Formula shown as a formula rather than it's result

T

Tosca

Hi everyone

I have Excel 2003 and a large spreadsheet with many formulae. I had to edit
one of them and, when I did, it displayed the formula in the cell, rather
than the result. I made sure that there were no spaces in the formula, nor
was there a leading apostrophe. None of the other formulae were displayed
in this way.

In an effort to find the cause, I closed the workbook and started a new one.
I typed something into cell A2 then typed the formula <=A2> into D4. It
returned the correct result in D4. I tried the similar experiment with the
big workbook that's causing problems but it didn't calculate the value of A2
and return it to D4. It merely displayed <=A2> in D4. The questions I have
are:

Is the problem related to the fact that there are several formulae in the
workbook or is there a setting that's been applied (somehow) which is
causing newly entered formulae to be displayed, rather than evaluated?

It's bizarre behaviour, and I want it to stop!

Thanks for your time.
 
R

RagDyeR

Since you say that it is only a single formula (cell) that's displaying this
problem, try this:

Select the problem cell, then:

<Ctrl> <Shift> <~>
Then <F2>
Then
<Enter>

What you did was format the cell to General (keyboard shortcut), and then
re-entered it.
--

HTH,

RD
==============================================
Please keep all correspondence within the Group, so all may benefit!
==============================================


Hi everyone

I have Excel 2003 and a large spreadsheet with many formulae. I had to edit
one of them and, when I did, it displayed the formula in the cell, rather
than the result. I made sure that there were no spaces in the formula, nor
was there a leading apostrophe.

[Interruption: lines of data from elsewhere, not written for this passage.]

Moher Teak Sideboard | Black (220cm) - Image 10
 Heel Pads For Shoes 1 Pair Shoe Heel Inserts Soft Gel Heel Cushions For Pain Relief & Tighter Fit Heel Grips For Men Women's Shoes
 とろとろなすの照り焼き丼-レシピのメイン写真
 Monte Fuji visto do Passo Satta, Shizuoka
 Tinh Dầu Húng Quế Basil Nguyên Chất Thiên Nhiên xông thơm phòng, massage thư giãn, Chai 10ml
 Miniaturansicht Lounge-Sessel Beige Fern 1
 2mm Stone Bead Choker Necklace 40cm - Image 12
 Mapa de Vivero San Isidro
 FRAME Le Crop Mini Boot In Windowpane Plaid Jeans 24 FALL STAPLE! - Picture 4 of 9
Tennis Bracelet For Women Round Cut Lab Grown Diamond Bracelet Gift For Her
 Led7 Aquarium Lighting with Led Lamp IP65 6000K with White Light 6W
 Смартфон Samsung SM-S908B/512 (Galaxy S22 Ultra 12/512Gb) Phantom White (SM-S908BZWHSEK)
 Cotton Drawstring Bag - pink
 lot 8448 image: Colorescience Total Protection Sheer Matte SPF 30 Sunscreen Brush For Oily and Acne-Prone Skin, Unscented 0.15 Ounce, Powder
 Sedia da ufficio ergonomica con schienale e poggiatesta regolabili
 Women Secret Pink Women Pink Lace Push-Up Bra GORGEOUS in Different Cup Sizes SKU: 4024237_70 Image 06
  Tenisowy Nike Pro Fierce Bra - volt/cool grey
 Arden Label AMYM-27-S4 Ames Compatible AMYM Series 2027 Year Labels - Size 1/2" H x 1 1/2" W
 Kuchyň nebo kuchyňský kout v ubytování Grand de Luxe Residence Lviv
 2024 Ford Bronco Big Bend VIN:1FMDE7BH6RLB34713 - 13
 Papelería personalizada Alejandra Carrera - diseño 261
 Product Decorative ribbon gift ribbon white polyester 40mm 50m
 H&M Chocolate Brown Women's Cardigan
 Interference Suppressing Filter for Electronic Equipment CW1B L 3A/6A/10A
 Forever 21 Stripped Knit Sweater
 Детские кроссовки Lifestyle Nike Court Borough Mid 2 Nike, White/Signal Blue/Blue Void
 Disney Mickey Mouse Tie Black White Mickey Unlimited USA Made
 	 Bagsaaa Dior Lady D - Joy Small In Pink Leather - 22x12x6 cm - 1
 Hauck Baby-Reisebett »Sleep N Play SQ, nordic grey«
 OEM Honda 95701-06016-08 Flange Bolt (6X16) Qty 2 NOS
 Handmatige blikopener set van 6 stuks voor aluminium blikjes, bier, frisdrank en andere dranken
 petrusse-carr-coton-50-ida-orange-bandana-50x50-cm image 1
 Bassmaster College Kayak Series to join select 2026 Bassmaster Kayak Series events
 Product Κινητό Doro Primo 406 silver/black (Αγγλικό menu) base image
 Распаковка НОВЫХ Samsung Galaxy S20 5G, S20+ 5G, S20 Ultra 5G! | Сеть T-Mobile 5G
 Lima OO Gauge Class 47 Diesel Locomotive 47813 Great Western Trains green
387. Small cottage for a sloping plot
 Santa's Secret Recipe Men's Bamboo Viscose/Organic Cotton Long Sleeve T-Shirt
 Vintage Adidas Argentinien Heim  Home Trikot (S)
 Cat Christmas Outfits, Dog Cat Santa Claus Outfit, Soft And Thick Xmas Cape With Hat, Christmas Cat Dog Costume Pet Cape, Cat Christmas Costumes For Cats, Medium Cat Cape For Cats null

None of the other formulae were displayed
in this way.

In an effort to find the cause, I closed the workbook and started a new one.
I typed something into cell A2 then typed the formula <=A2> into D4. It
returned the correct result in D4. I tried the similar experiment with the
big workbook that's causing problems but it didn't calculate the value of A2
and return it to D4. It merely displayed <=A2> in D4. The questions I have
are:

Is the problem related to the fact that there are several formulae in the
workbook or is there a setting that's been applied (somehow) which is
causing newly entered formulae to be displayed, rather than evaluated?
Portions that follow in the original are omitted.